Supposing that the fair die has $n$ sides and is rolled $m$ times we
get for the probability of $k$ distinct outcomes by first principles
the closed form
$$\frac{1}{n^m} \times
m! [z^m] {n\choose k} (\exp(z)-1)^k.$$
Let us verify that this is a probability distribution. We obtain
$$\frac{1}{n^m} \times
m! [z^m]
\sum_{k=0}^n {n\choose k} (\exp(z)-1)^k.$$
Here we have included the value for $k=0$ because it is a constant
with respect to $z$ and hence does not contribute to $[z^m]$ where
$m\ge 1.$ Continuing we find
$$\frac{1}{n^m} \times
m! [z^m] \exp(nz) = 1$$
and the sanity check goes through. Now for the expectation we get
$$\mathrm{E}[N] =
\frac{1}{n^m} \times
m! [z^m]
\sum_{k=1}^n k {n\choose k} (\exp(z)-1)^k
\\ = \frac{n}{n^m} \times
m! [z^m]
\sum_{k=1}^n {n-1\choose k-1} (\exp(z)-1)^k
\\ = \frac{n}{n^m} \times
m! [z^m] (\exp(z)-1)
\sum_{k=0}^{n-1} {n-1\choose k} (\exp(z)-1)^k
\\ = \frac{n}{n^m} \times
m! [z^m] (\exp(z)-1) \exp((n-1)z).$$
This is
$$\frac{n}{n^m} \times
(n^m - (n-1)^m) = n \left(1-\left(1-\frac{1}{n}\right)^m\right).$$
This goes to $n$ in $m$ as it ought to. For the next factorial moment
we obtain
$$\mathrm{E}[N(N-1)] =
\frac{1}{n^m} \times
m! [z^m]
\sum_{k=2}^n k (k-1) {n\choose k} (\exp(z)-1)^k
\\ = \frac{n(n-1)}{n^m} \times
m! [z^m]
\sum_{k=2}^n {n-2\choose k-2} (\exp(z)-1)^k
\\ = \frac{n(n-1)}{n^m} \times
m! [z^m] (\exp(z)-1)^2
\sum_{k=0}^{n-2} {n-2\choose k} (\exp(z)-1)^k
\\ = \frac{n(n-1)}{n^m} \times
m! [z^m] (\exp(z)-1)^2 \exp((n-2)z).$$
This is
$$\frac{n(n-1)}{n^m} (n^m - 2(n-1)^m + (n-2)^m)
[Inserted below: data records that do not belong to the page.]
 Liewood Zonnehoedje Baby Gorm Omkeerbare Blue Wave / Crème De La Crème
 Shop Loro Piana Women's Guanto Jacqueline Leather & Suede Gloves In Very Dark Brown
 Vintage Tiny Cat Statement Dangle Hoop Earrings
\\ = n(n-1) \left(1-2\left(1-\frac{1}{n}\right)^m
+ \left(1-\frac{2}{n}\right)^m \right).$$
We get for the variance
$$\mathrm{Var}(N) = \mathrm{E}[N^2] - \mathrm{E}[N]^2
= \mathrm{E}[N(N-1)] + \mathrm{E}[N] - \mathrm{E}[N]^2$$
which yields
$$n^2 \left(1-2\left(1-\frac{1}{n}\right)^m
+ \left(1-\frac{2}{n}\right)^m \right)
\\ - n \left(1-2\left(1-\frac{1}{n}\right)^m
+ \left(1-\frac{2}{n}\right)^m \right)
+ n \left(1-\left(1-\frac{1}{n}\right)^m\right)
\\ - n^2 \left(1-2\left(1-\frac{1}{n}\right)^m
+ \left(1-\frac{1}{n}\right)^{2m} \right)
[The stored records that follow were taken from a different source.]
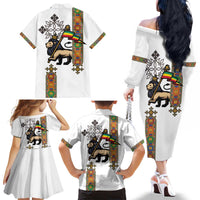 Ethiopia Saba Kemis Family Matching Off The Shoulder Long Sleeve Dress and Hawaiian Shirt Ethiopian Cross Lion Of Judah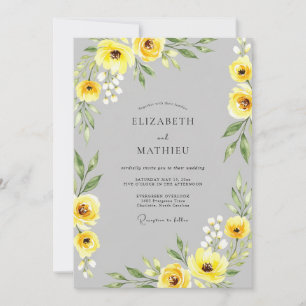 Invitación Boda Botánica Sofisticada Gris Amarillo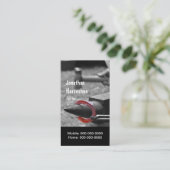 Hämmern eines heißen Schuhes in Form Visitenkarte (Stehend Vorderseite)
\\ = n^2 \left(\left(1-\frac{2}{n}\right)^m
- \left(1-\frac{1}{n}\right)^{2m} \right)
+ n \left(\left(1-\frac{1}{n}\right)^m
- \left(1-\frac{2}{n}\right)^m \right).$$
The absolute value of the two differences of terms that are geometric
in $m$ with positive common ratio less than one is bounded by the
maximum of these two, which vanishes in $m$ and hence the variance
goes to zero for $n$ fixed and $m$ going to infinity.
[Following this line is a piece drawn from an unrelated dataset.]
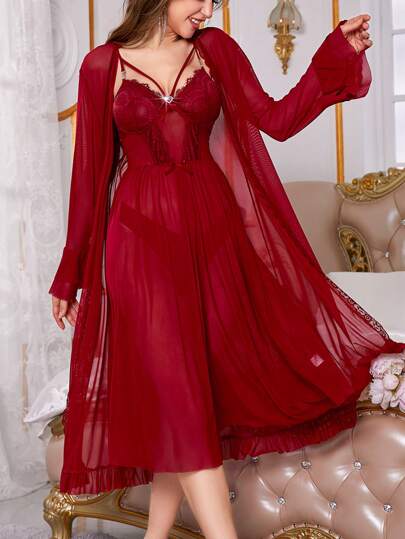 Slumberist Women's Red Lace Perspective Slip Dress And Robe Pajama Set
The queried standard deviation is then given by the root of the
variance.
Here is some Maple code to explore these numbers.
ENUM :=
proc(n, m)
option remember;
local ind, data, gf;
gf := 0;
for ind from n^m to 2*n^m - 1 do
data := convert(ind, base, n)[1..m];
gf := gf + v^nops(convert(data, `multiset`));
od;
gf/n^m;
end;
EN_PROB := (n, m) -> subs(v=1, ENUM(n, m));
EN_FM1 := (n, m) -> subs(v=1, diff(ENUM(n, m), v));
EN_FM2 := (n, m) -> subs(v=1, diff(ENUM(n, m), v$2));
FM1 := (n, m) -> n*(1-(1-1/n)^m);
FM2 := (n, m) -> n*(n-1)*(1 - 2*(1-1/n)^m + (1-2/n)^m);
EN_VAR := (n, m) -> - EN_FM1(n, m)^2
+ subs(v=1, diff(v*diff(ENUM(n, m), v), v));
VAR := (n, m) ->
n^2*((1-2/n)^m-(1-1/n)^(2*m)) + n*((1-1/n)^m-(1-2/n)^m);
Addendum. As pointed out by @JMoravitz we may need some
clarification of the reasoning by which the probabilities are
obtained. Note that $k$ distinct outcomes first of all require a
choice of these $k$ values from the $n$ possibilities, for a factor of
${n\choose k}.$ Now we need to match up each of these $k$ values
(think of them as listed sequentially from smallest to largest) with a
subset of the $m$ rolls which may not be empty (this is what prevents
double counting here). This yields the labeled combinatorial class (labeled means EGFs)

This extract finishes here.